Selling, General and Administrative Expenses
Our SG&A expenses totaled $69.1 million for 2007 compared to $69.8 million for 2006, reflecting a decrease of $0.7 million or 1%. In 2006, the Energy segment recorded tax liability adjustments which reduced its SG&A expenses by approximately $3.6 million. These adjustments related to a favorable settlement of sales and use tax liabilities and reductions in accruals for penalties related to various foreign taxes as those taxes were settled during the year. This overall decrease in SG&A expenses is primarily the result of a $3.3 million reduction in allocated Corporate overhead costs, which primarily related to a $1.8 million reduction in nonrecurring professional fees for 2007. Incentive compensation was increased by $1.5 million for 2007 because of our financial performance. In addition, the positive impact of our Engineering segment’s improved utilization contributed to the decrease in SG&A expenses. SG&A expenses expressed as a percentage of revenues decreased to 9.5% for 2007 from 10.8% for 2006. This overall decrease in SG&A expenses expressed as a percentage of revenues is related to our 12% increase in revenues as compared to 2006, the previously mentioned decrease in Corporate overhead costs and the Engineering segment’s improved utilization.
Included in total SG&A for 2007 were unallocated Corporate-related costs of $1.0 million due to professional fees and employee retention costs related to our evaluation of strategic alternatives for our Energy segment during the year.
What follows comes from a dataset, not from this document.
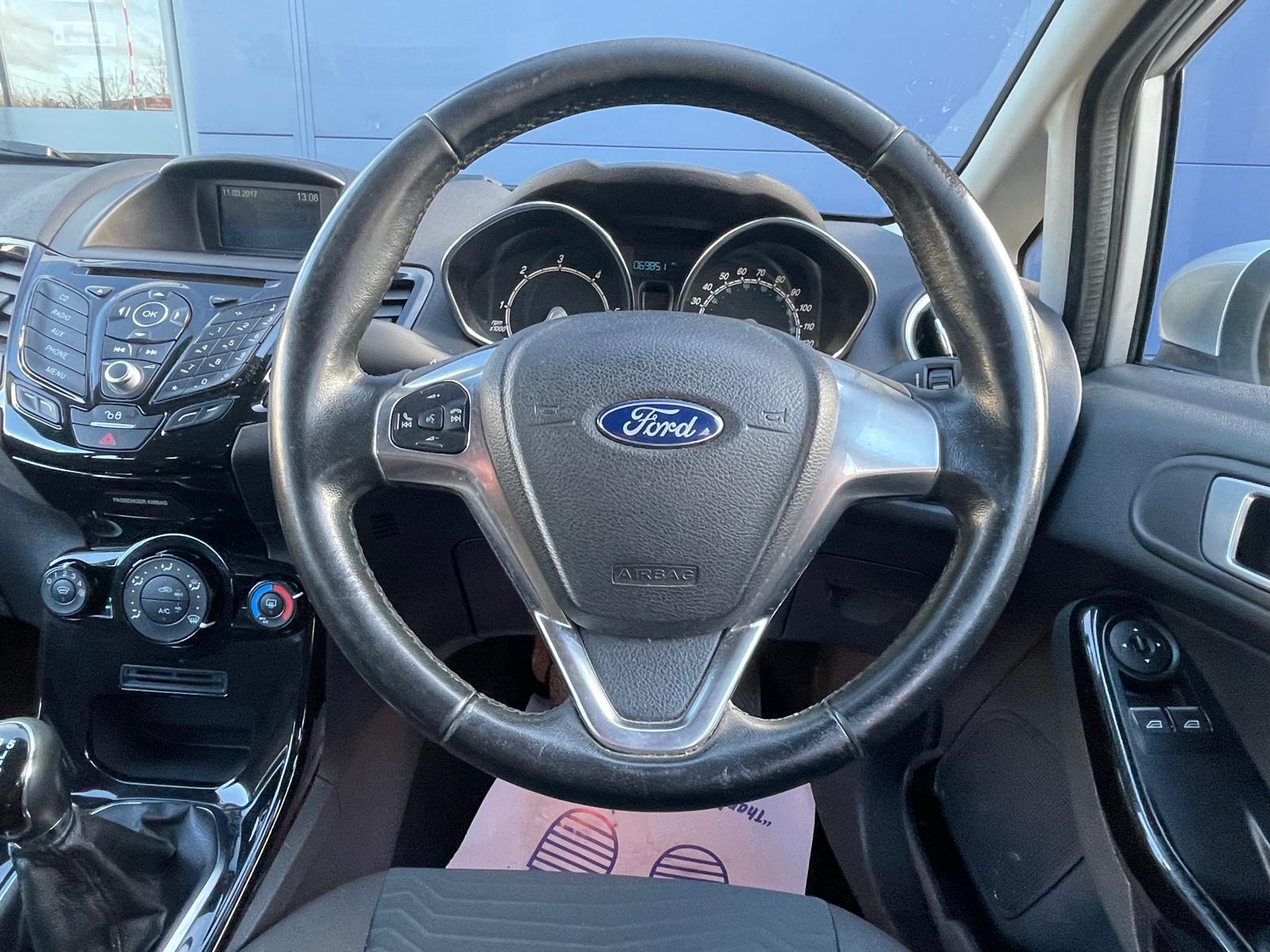 Ford Fiesta 1.5 TDCi Zetec Hatchback 5dr Diesel Manual Euro 6 (75 ps)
Unallocated Corporate-related costs were nominal for 2006.
Engineering. SG&A expenses were $48.1 million for 2007 compared to $51.0 million for 2006, reflecting a decrease of $2.9 million or 6%. SG&A expenses expressed as a percentage of revenues decreased to 12.0% for 2007 from 13.4% for 2006. This decrease primarily related to a reduction of $2.4 million in allocated Corporate overhead costs, of which $0.3 million related to nonrecurring professional fees. Also contributing to this decrease was the improved utilization. A 2007 increase of $1.2 million in incentive compensation expense served to partially offset Engineering’s overall decrease in SG&A expenses expressed as a percentage of revenues for 2007.
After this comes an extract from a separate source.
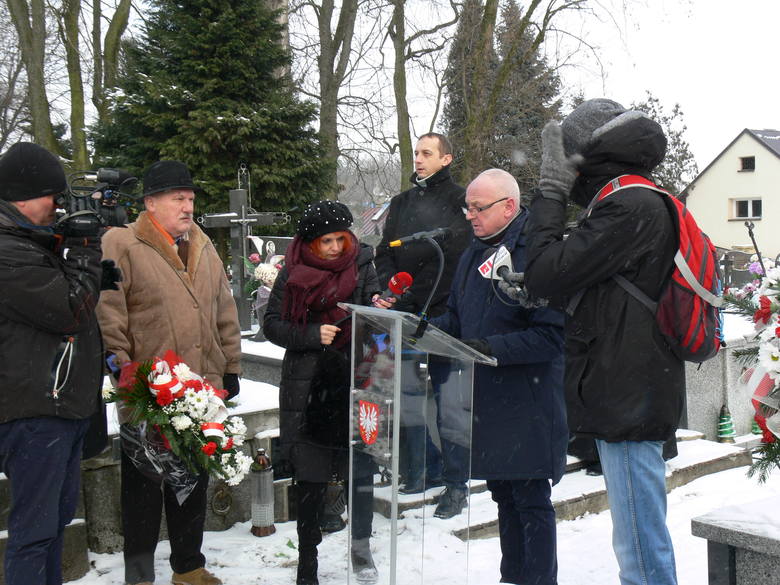 W Sandomierzu na Cmentarzu Katedralnym oddano hołd Żołnierzom Wyklętym. Złożono kwiaty i zapalono znicze.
Energy. SG&A expenses were $20.0 million for 2007 compared to $18.8 million for 2006, reflecting an increase of $1.2 million or 6%. In 2006, the Energy segment recorded tax liability adjustments which reduced its SG&A expenses by approximately $3.6 million. These adjustments related to a favorable settlement of sales and use tax liabilities and reductions in accruals for penalties related to various foreign taxes that were settled during the year. These adjustments were partially offset by a decrease of $1.2 million in nonrecurring professional fees and a reduction of $0.9 million in allocated Corporate overhead costs for 2007. SG&A expenses expressed as a percentage of revenues decreased to 6.1% for 2007 from 7.1% for 2006. This decrease in SG&A expenses expressed as a percentage of revenues is primarily attributable to the aforementioned 22% increase in revenues coupled with the reduction in allocated Corporate overhead costs.
Other Income/(Expense)
The other income and expense categories discussed below aggregate to $2.4 million of income for 2007 compared to $2.1 million of income for 2006.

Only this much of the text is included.